The present issue is that although the federal government handles most of the costs, the state does share some of the bill. In the last few years as the program has grown, the state’s spending on the program has risen above federal estimates.
The North Carolina House is proposing that 10,000 new children should be added to the Health Choice program this year, putting aside $10.4 million of its budget to pay for the overhaul. Under this Senate proposal, the state will freeze enrollment until April 1, 2009 in order to control future costs. The program has been steadily growing for the last three years, despite the ongoing lack of sufficient government support.
Senator Tony Rand, a Fayetteville Democrat, would like the federal government to agree to send more financial support for the program. Although he agrees that freezing enrollment is not optimal, he stated that it was better than the alternative, which would be to disenroll children who are already in the program.
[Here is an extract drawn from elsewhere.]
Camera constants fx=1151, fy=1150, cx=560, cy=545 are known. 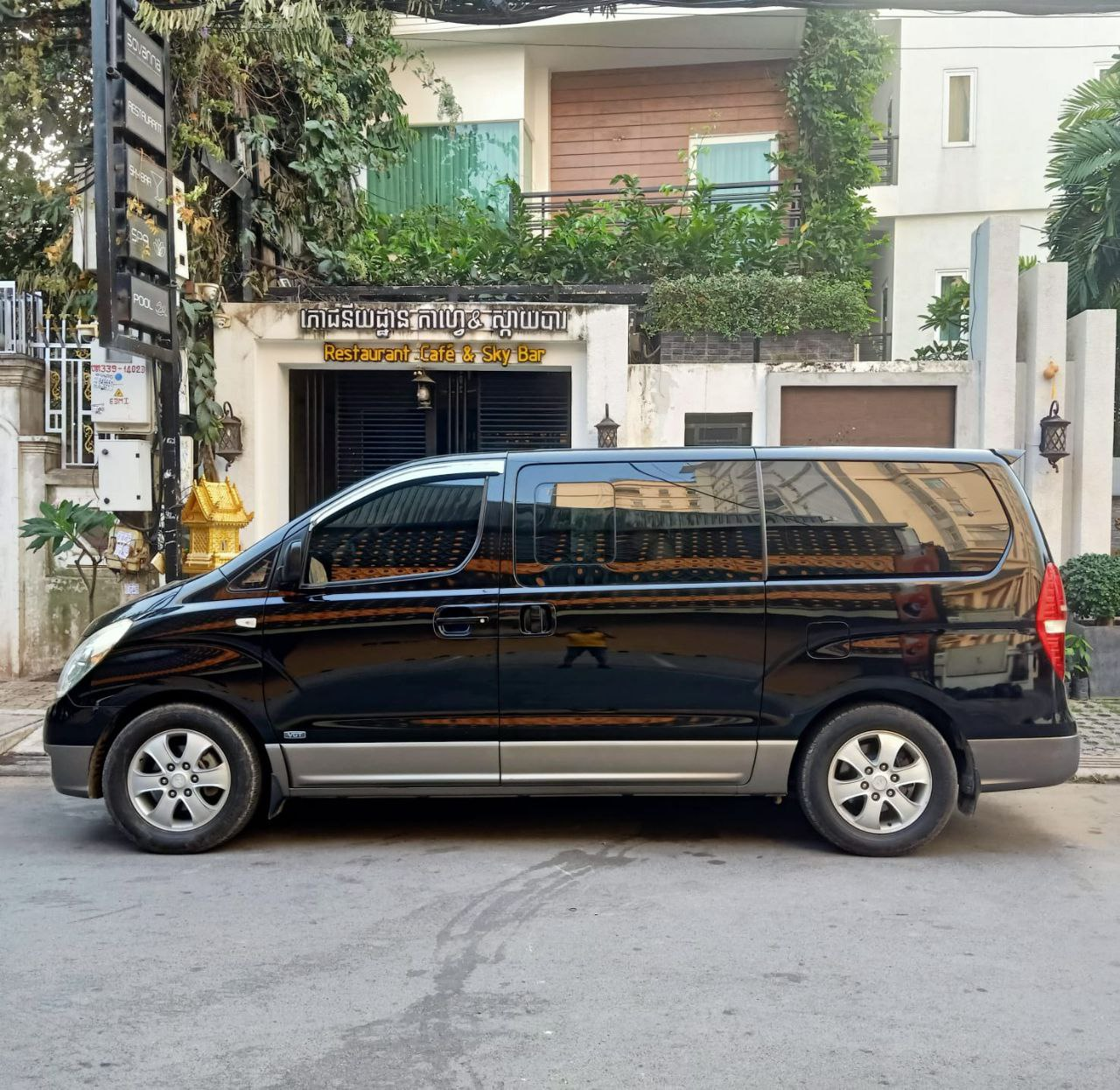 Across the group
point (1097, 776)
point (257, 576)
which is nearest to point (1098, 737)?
point (1097, 776)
Governor Mike Easley, along with North Carolina budget advisor Dan Gerlach, recommended adding the $10.4 million to the program, stating that Congress has come up with the money in the past for both North Carolina and other states that dealt with shortfalls. They hope that the practice of picking up the rest of the bill will continue in the future. State Representative Mickey Michaux, a Democrat from Durham and House budget writer, agreed that Congress would not stiff the state, especially considering that expanding insurance coverage for children is particularly important to the government in these tough economic times.